┌─ STORED DATA

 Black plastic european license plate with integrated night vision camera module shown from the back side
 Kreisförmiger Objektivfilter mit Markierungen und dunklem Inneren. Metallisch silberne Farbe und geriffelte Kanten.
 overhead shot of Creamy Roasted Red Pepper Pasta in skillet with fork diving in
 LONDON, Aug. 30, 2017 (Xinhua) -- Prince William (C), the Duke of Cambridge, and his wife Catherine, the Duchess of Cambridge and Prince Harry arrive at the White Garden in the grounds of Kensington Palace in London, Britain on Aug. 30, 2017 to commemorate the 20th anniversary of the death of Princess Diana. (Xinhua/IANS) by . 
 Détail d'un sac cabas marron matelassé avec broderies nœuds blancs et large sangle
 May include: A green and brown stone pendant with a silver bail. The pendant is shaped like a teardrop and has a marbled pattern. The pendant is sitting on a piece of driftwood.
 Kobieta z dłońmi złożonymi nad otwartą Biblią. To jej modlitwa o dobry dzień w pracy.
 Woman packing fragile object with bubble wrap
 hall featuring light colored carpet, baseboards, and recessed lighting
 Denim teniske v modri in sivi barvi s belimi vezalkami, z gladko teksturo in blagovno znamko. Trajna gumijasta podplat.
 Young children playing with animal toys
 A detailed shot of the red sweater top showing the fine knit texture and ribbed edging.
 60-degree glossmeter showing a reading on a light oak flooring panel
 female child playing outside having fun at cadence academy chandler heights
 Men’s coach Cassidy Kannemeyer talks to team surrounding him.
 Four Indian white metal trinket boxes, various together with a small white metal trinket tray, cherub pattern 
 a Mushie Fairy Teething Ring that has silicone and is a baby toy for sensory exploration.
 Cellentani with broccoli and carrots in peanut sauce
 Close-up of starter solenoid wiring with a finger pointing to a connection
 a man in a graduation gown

└─

* **WHAT IS BEING ASKED**:
Beginning with the line that contains "female child playing", repeat every line through the end of the records and nothing more.

* **RESPONSE TO THIS TASK**:
 female child playing outside having fun at cadence academy chandler heights
 Men’s coach Cassidy Kannemeyer talks to team surrounding him.
 Four Indian white metal trinket boxes, various together with a small white metal trinket tray, cherub pattern 
 a Mushie Fairy Teething Ring that has silicone and is a baby toy for sensory exploration.
 Cellentani with broccoli and carrots in peanut sauce
 Close-up of starter solenoid wiring with a finger pointing to a connection
 a man in a graduation gown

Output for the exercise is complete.